Анфас... но лучше, наверное, по-русски: спереди, прямо, в упор на вас постоянно глядит лицо наглухо закрытого человек. Это напоминает то щемяще безнадежное впечатление, которым в начале войны встречали вас известные учреждения: вы подходили к крыльцу и утыкались в заколоченную дверь. Висячий замок и записка карандашом "Райком закрыт, все ушли на фронт". Тогда вы заглядывали в окно и понимали: внутри дома — полнейшая пустота. Часами, днями, неделями можете вы искать контакта с этим человеком, но почти всегда вас будут встречать эта запертая дверь и пустота в глазах.
Человека не интересуют посторонние, и он прячется от них или "уходит на фронт".
Сбоку (в профиль) — вы видите все ту же замкнутость. Но это уже другая закрытость — таинственная, недоступность солидного банковского сейфа, в котором хранятся бесценные и неисчислимые богатства. Сокровища эти для вас тоже недосягаемы, ибо вы не знаете шифра, отпирающего сейф. Шифр известен только самому хозяину и нескольким его приближенным. Приближенные эти делятся на две странные категории: с одной стороны — беззаветные и бескорыстные поклонники, к которым великий человек питает необъяснимую слабость, с другой — отъявленные мошенники и проходимцы, лицемерящие откровенно, напропалую и беззастенчиво шарящие и шурующие в Васильевском спецхране, как в собственных карманах. Фимиам — искренний или притворный, для него безразлично — делает Васильева открытым для любого человека. Он становится доверчивым и наивным, как дитя. Не раз и не два (а всегда успешно!) проверял я действие этого механизма. "Толя, вы — гений. Понимаете: вы-ге-ний!", и он сразу становился внимательным и заинтересованным. Ни разу не прервал меня, не попробовал отшутиться. Хотя и очень умный человек. Да, психология самооценки — вещь темная и совсем не исследованная еще на уровне таланта.

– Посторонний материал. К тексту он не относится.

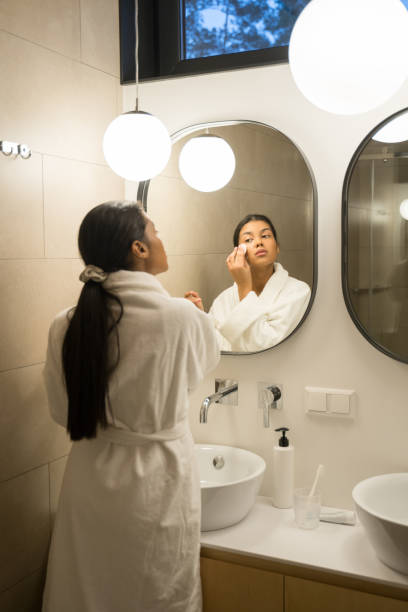 istock Woman in white bathrobe staying in bathroom 1304242232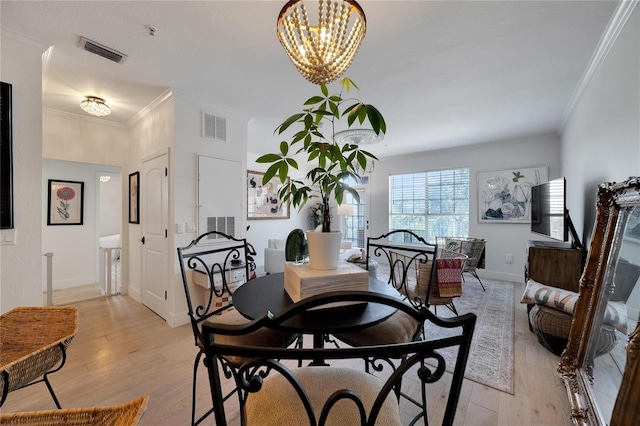 dining room with ornamental molding, a notable chandelier, and light hardwood / wood-style floors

Васильев закрыт для простого человека, но приоткрывается и для него, если бросить взгляд наискосок: 3/4 слева— "чукча-читатель": именитый режиссер любит перечитывать рецензии о себе, сразу становится говорливым и раскованным; если хвалят, в нем выступают наружу, главным образом, положительные эмоции, такие, как добродушие, незлопамятность, искренняя и долговременная благодарность; если ругают, начинает из него переть хамская, плебейская жажда справедливости; 3/4 справа — "чукча-писатель": он очень ревниво относится к своим публикациям, лается до хрипоты с редакторами по поводу купюр, даже когда сокращают явно непечатное — матерную нецензурщину, потом он принимается раздаривать свои опубликованные опусы всем, кому попало, и радуется как ненормальный, если вам понравится.
И под конец взгляд с тыла. Перед вами — "маменькин сынок". Человек, воспитанный женщиной. Своевольный, капризный до истерики, закомплексованный и подозрительный, он обеспокоен сущей ничтожностью: не посягает ли кто на его авторитет. Испытав в детстве деспотизм материнской власти, он всю последующую жизнь мстительно рассчитывается с другими женщинами, — с женой, дочерью, любовницами и подругами, но, главным образом со своими актрисами — унижает их, угнетает и тиранит. Будучи гордостью — матери, он хочет быть предметом постоянной гордости для всех.